Walking on Broken Glass - Christa Allan [5]
“I lost my sanity at the apple juice case,” I repeated to Dolores, the intake clerk who scribbled information onto whatever form they used to admit the inebriated. She placed her pencil on the glass-topped desk, clasped her hands over the clipboard, and peered at me over her reading glasses.
“Were you buying it to mix drinks?” she asked quietly, as if afraid the question would hurt me.
I’m being admitted into rehab by a woman who clearly failed to understand that apple juice mixed with few, if any, hard liquors. My galloping knees knew that was something to be jittery about. Hadn’t I explained the twelve-pack of beer in the grocery cart? Why would I be worried about mixing? Did rehab centers hire teetotalers so they’d never have to worry about employee discounts for services?
“Noooo. It just seemed too overwhelming to decide which brand to buy. You know, the whole cost per ounce thing.”
No doubt Dolores knew I was ready for admission after that, but she persisted. She asked who referred me.
“This was all my friend Molly's idea. She even made the appointment for me. This morning after our walk. Before my husband's golf game ended.” Good grief. My inner child needed a nap.
This information about Molly seemed both unsurprising and amusing to Dolores. “Yes, it often works that way. People see in us what we can’t see in ourselves. Don’t need mirrors here.”
Thirty minutes later, Dolores and I agreed I would voluntarily admit myself the morning of July 4.
Leah Adair Thornton. Age 27. Middle-stage alcoholic.
3
Carl … I’m checking into Brookforest, the rehab clinic …”

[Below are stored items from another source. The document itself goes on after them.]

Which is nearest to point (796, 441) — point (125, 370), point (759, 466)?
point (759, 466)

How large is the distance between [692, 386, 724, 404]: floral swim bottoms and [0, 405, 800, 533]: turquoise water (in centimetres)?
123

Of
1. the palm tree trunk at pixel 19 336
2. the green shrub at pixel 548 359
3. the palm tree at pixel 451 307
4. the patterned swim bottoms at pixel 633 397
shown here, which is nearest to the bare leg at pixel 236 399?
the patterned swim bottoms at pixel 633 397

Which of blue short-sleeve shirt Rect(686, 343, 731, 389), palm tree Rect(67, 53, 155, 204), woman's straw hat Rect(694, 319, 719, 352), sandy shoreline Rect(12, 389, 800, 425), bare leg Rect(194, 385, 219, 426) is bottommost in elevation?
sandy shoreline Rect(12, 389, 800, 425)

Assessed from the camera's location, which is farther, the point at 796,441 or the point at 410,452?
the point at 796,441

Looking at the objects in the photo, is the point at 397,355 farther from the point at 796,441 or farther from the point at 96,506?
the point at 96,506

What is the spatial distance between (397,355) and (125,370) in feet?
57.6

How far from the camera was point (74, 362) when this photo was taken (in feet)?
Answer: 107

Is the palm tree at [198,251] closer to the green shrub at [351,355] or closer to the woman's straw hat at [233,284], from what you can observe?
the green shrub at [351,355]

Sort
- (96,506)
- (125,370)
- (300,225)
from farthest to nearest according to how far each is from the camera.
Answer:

Carl looked as if someone was approaching him with a rope and a fast horse.
Seeing his eyebrows almost meet in the middle of his face, I was relieved he’d chosen a table wedged in the corner instead of a booth in the middle of the restaurant.
The strategy Molly and I had concocted was for the night to conclude with my enlightened and sympathetic husband reassuring me all would be well. Already the plan required some tweaking. Maybe, before I blabbered on, I could guarantee background noise by paying a bus-person to strategically drop a tray of dishes.

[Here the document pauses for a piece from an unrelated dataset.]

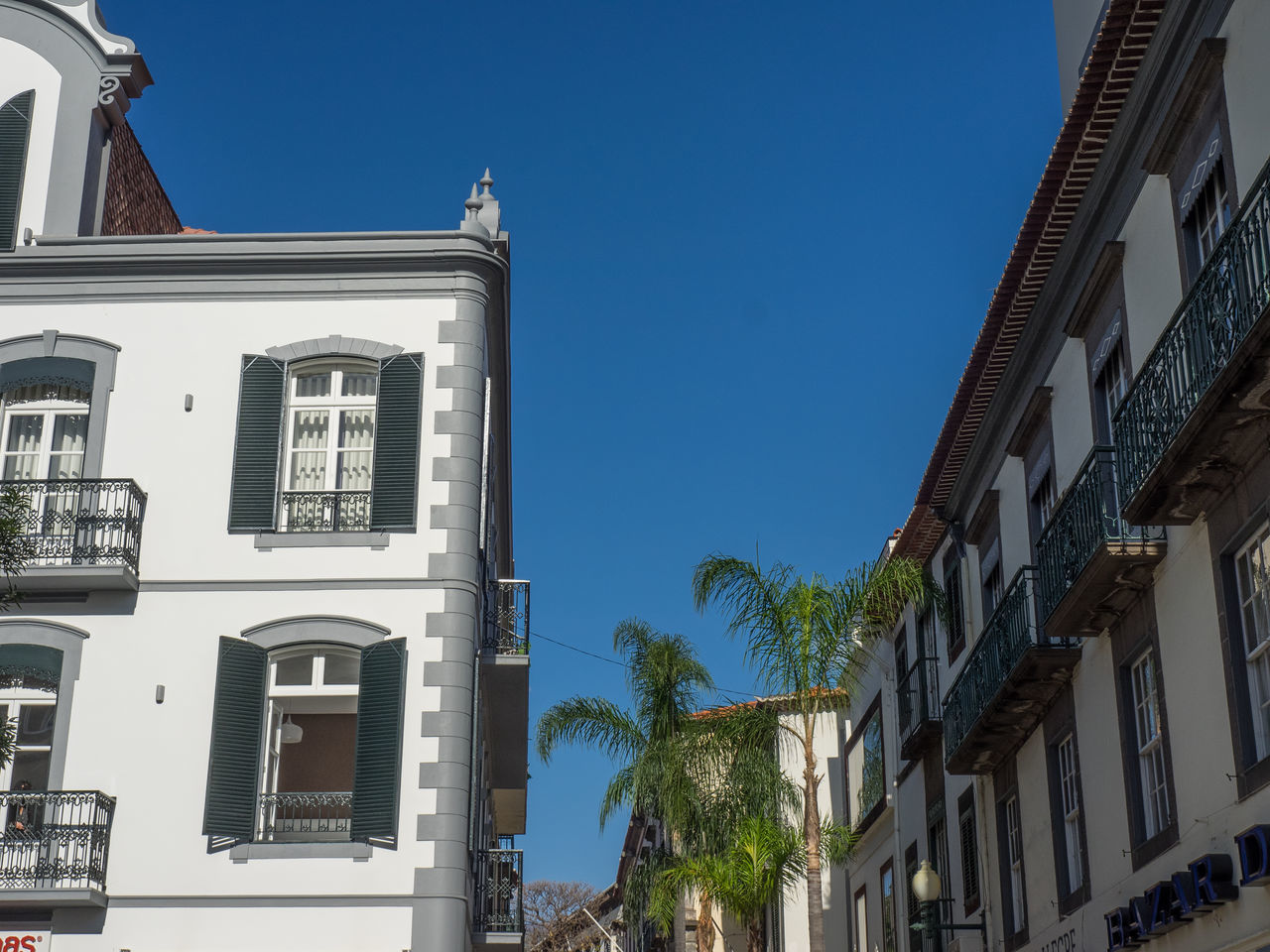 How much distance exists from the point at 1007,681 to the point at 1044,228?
17.3 ft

“How is it that you’ve suddenly decided you drink too much? Maybe it's not the drinking. Maybe you’re just having a nervous breakdown.”
Carl had obviously not read the script I’d mentally prepared for him.

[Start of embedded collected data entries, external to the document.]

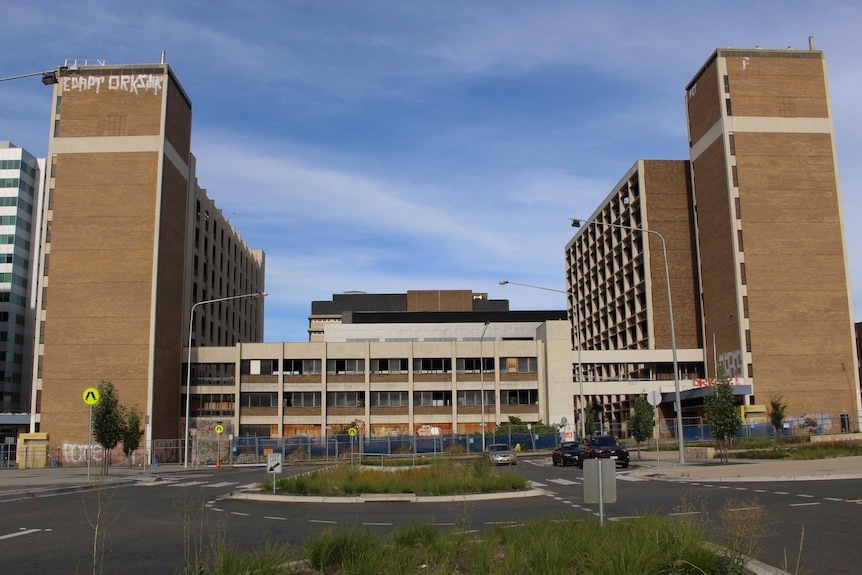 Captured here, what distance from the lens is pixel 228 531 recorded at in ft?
45.2

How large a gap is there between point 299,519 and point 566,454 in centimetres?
2708

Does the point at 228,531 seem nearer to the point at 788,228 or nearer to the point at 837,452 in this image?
the point at 837,452

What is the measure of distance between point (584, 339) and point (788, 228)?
49.5 meters

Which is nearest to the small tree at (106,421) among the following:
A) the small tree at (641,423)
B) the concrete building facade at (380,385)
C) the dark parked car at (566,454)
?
the concrete building facade at (380,385)

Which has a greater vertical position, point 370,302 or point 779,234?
point 370,302

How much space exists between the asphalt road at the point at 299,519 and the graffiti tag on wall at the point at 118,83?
54567 millimetres

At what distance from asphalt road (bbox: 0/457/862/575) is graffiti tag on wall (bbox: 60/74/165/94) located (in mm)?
54567

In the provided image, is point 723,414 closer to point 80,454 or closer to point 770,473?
point 770,473

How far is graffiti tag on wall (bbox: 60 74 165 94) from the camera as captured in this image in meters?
69.6

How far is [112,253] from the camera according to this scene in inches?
2648

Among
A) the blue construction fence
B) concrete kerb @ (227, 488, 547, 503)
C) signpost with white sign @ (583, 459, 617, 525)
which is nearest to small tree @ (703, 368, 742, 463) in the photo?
concrete kerb @ (227, 488, 547, 503)

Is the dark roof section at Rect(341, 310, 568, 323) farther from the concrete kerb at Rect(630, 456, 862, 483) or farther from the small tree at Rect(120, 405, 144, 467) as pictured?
the concrete kerb at Rect(630, 456, 862, 483)

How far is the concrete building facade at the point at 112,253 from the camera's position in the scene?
65.2 m

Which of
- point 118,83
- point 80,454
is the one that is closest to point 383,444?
point 80,454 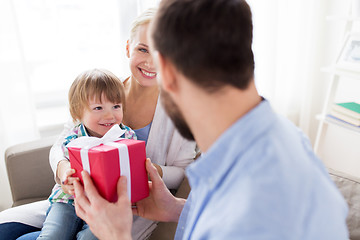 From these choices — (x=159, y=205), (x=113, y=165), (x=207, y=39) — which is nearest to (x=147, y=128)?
(x=159, y=205)

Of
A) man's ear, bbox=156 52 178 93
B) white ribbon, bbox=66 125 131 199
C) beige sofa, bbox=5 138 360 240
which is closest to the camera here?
man's ear, bbox=156 52 178 93

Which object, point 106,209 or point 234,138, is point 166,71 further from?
point 106,209

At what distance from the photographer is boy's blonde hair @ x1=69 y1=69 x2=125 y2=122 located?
4.40 feet

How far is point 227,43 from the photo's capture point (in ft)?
2.30

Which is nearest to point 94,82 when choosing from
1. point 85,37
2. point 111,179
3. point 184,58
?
point 111,179

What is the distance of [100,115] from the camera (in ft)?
4.45

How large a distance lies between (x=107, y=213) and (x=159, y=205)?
309mm

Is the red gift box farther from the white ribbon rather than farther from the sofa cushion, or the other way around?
the sofa cushion

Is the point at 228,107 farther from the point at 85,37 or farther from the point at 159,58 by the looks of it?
the point at 85,37

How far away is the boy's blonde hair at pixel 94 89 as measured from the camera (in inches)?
52.8

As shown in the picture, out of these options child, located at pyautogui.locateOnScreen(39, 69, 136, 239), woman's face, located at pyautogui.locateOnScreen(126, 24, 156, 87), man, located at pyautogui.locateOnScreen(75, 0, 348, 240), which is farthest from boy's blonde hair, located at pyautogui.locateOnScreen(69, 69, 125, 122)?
man, located at pyautogui.locateOnScreen(75, 0, 348, 240)

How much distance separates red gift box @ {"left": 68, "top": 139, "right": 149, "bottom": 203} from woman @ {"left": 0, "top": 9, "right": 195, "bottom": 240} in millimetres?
294

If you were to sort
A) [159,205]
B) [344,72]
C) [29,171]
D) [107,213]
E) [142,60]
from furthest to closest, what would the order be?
[344,72] < [29,171] < [142,60] < [159,205] < [107,213]

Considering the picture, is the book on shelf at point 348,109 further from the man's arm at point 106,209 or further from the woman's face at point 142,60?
the man's arm at point 106,209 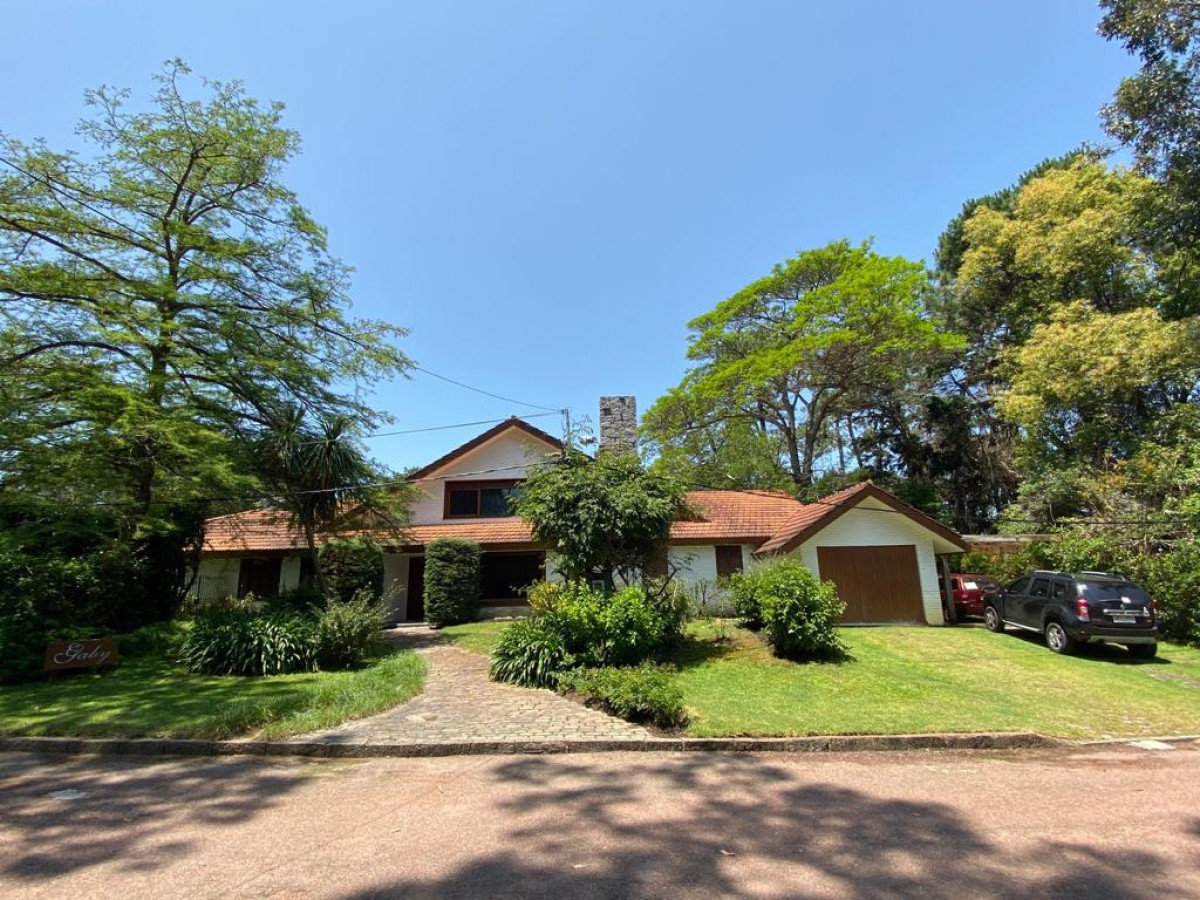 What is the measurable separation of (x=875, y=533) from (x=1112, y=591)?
5.50m

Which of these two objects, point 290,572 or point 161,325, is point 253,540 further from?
point 161,325

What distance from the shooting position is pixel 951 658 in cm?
1183

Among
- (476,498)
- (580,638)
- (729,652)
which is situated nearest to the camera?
(580,638)

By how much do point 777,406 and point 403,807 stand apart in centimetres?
2795

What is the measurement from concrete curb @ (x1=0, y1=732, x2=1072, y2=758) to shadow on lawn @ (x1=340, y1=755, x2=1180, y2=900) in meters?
1.22

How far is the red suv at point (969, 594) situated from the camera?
17422 mm

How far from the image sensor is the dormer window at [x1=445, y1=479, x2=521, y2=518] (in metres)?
21.6

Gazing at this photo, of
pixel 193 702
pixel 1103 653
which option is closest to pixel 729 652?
pixel 1103 653

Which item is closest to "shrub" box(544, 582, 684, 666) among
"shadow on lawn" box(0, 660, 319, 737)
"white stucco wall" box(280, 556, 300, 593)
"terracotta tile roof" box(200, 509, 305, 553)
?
"shadow on lawn" box(0, 660, 319, 737)

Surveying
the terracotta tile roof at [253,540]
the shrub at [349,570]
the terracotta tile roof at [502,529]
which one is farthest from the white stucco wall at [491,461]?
the terracotta tile roof at [253,540]

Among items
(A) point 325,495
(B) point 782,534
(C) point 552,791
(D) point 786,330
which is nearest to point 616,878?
(C) point 552,791

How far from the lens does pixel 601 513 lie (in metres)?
10.9

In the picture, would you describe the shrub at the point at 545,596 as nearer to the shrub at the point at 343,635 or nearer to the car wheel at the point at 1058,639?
the shrub at the point at 343,635

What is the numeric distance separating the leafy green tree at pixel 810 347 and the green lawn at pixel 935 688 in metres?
15.0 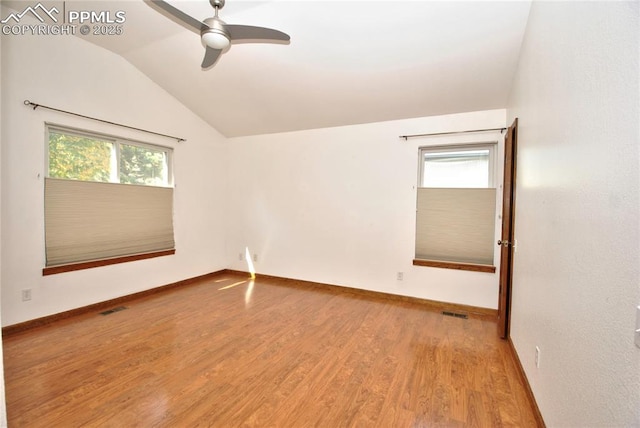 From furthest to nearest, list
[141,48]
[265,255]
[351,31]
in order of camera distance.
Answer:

I should have planned this better. Having breakfast as dinner to tell my husband of five years I’m leaving him for a month was probably frowned on by Dolores and the admissions staff at rehab. But after tonight, it might be a new question on the screening test:
“Do you consider breakfast a more appropriate meal at which to reveal your addiction to a loved one?”
When I announced I thought I drank too much, I theorized it’d be best not to be drinking. Although breakfast could be counted technically on the list of acceptable meals for having drinks. On our last visit to New Orleans, we’d reserved a table in the Garden Room at Commander's Palace. I had gauzy memories of sipping mimosas and Bloody Marys, listening to jazz, and sleeping in the taxi on the way back to our hotel. But our local Eggs in a Basket in my little suburban oasis was as far a cry from Commander's as I was from being an angel in a Victoria's Secret commercial.
I managed to remain mute until waitress Tina finished jotting our orders and cruised off in the direction of the kitchen before I answered Carl.
“Right. A nervous breakdown. I’m having a nervous breakdown—in the summer when I’m not teaching.” My drawling sarcasm shifted to rising frustration. “Besides, haven’t those gone out of style? Really, does anyone even have a nervous breakdown in the twenty-first century? What is that anyway?”
Rhetorical question lesson.
“What do you want from me, Leah? I think I’m meeting you for dinner, and you slam me with this?” He slid his fingers into the top pocket of his shirt, reaching for his phantom cigarettes. He quit two years ago, but the gesture lingered.